Link to main University of Kentucky page

Back to Web Providers... SEARCHING YOUR PAGES

We have moved from a Google Search Appliance to Google Custom Search Engines. The Appliance was removed from service at the end of June, 2013. The old GSA documentation is still available.

We are using Google Custom Search Engines, a Google-hosted service, to search our web pages. This searches a subset of Google’s index based on domain names or URL patterns. To be included in our campus search your pages must:

· be on a University of Kentucky web server (This is primarily the uky.edu domain, but a few other domains are included as well. If you have a UK domain not ending in uky.edu contact the address at the end of this page to get it included in the search.);

· be on a web server that does not exclude the Google crawler. (Google follows the Robots Exclusion Protocol.);

· be accessible by following links from an indexed page. This usually means having a link to your page from your department’s, college’s, or other unit’s page or from our site index.;

· not exclude indexing through HTML meta tags; and

· not require authentication (using passwords, IP address restrictions, etc.).

SOME SEARCHING CONSIDERATIONS

Search services generally have two parts: an indexing program (known as a spider or robot or crawler) and a search program. The spider follows links beginning with the www.uky.edu home page, or other page it encounters, and examines and indexes the pages it finds. The search program uses this index and responds to user requests.

This means if you have a page that is not linked to by any other page it won’t be included in the search index! This may be desirable for some pages, but for most it isn’t. There must be an unbroken chain of links from some indexed page to each page that you want to be indexed. In some cases this might mean creating a local index page or sitemap that includes links to your other pages.

Most indexing services, including the numerous commercial services that search our servers, index each word in an HTML file, with words in titles and headings generally given greater weight. In addition to HTML pages, many crawlers index plain text files, PDF files, numerous word processing formats, Powerpoint files, and others. The search server may cache the files it indexes — it keeps a local copy which people using the service may view. This can be useful, for example, if the original web server is down or it may be used to present a preview to the user. For some pages caching is inappropriate and this can be controlled with meta tags. For files other than HTML the search server may offer to display the file in a simple HTML or text form or a formatted preview from its cached copy. This is useful if the user doesn’t have the application needed to read the original file.

Note that text that is included on a web page as an image rather than actual text generally can’t be indexed — most spiders can’t read pictures of words — and thus such text won’t be found by a search. Some will perform OCR if they recognize text in an image, but the accuracy of the results can be problematical. Most spiders will find text in alt or title tags if you include them, however. If your page depends on the browser interpreting some Java or Javascript code to locate the actual content it won’t be found by spiders. Pages using frames can cause odd results, so frames must be used with care. Pages using Flash and similar graphic-oriented products will require special care to insure that they are indexed appropriately.
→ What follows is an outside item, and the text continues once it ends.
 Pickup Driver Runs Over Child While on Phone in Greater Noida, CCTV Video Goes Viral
Spiders generally have a limit on the size of the pages they will download and process. A few megabytes may be read with the remainder discarded. Files larger than a certain size may be ignored. These sizes include just the HTML page or other document itself, not any associated images in separate files, so it is unlikely to affect anything but large PDF and Powerpoint files. You should consider breaking large PDF documents into smaller parts in any case. One megabyte is a good limit.
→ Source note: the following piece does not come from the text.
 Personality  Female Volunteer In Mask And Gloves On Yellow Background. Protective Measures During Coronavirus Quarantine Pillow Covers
Search services try to visit pages often enough to catch any changes. They may use the Last-Modified HTTP response header to see when a page was last modified and will check back sooner if a page seems to be changing often. Some web servers and content management systems do not set the Last-Modified header to the date and time of the last content change, but simply use the current time or the time the page was last generated. This can cause the spider to check back very frequently, which can cause an unnecessarily high load on the server.

SEARCHING META TAGS

Some spiders also look for meta tags containing additional information about a web page. Google recognizes certain meta tags and will use them in indexing, sorting results, and creating page snippets. It also attempts to discover metadata in some non-HTML files. When possible it will identify title, author, subject, and keyword information and index them. For PDF files the title metadata is used. Page titles are indexed separately and can be searched using the intitle: search parameter. Indexed metadata is treated as part of the page body.

Keywords and description tags are supported by some services:

  <meta name="keywords" content="your keywords here">
  <meta name="description" content="your description here">

Put meta tags in the head section of an HTML file along with the title tag. Indexing engines will only use a limited amount of text, so keep your description and keywords list concise.

More complex metadata schemes have been proposed to allow more elaborate cataloging of web pages, although none have yet found wide acceptance. See the World Wide Web Consortium’s Metadata and Resource Description, which includes material on the still evolving Resource Description Framework (RDF), and the Dublin Core Metadata Initiative.

CONTROLLING INDEXING OF YOUR PAGES

Most spiders follow a common Robots Exclusion Protocol which allows you to prevent some or all of your pages from being indexed. You can use the robots meta tag in a specific page to control how it is handled — disable indexing or disable following links from the page, for example. Google respects the noindex, nofollow, and noarchive values of the robots meta tag.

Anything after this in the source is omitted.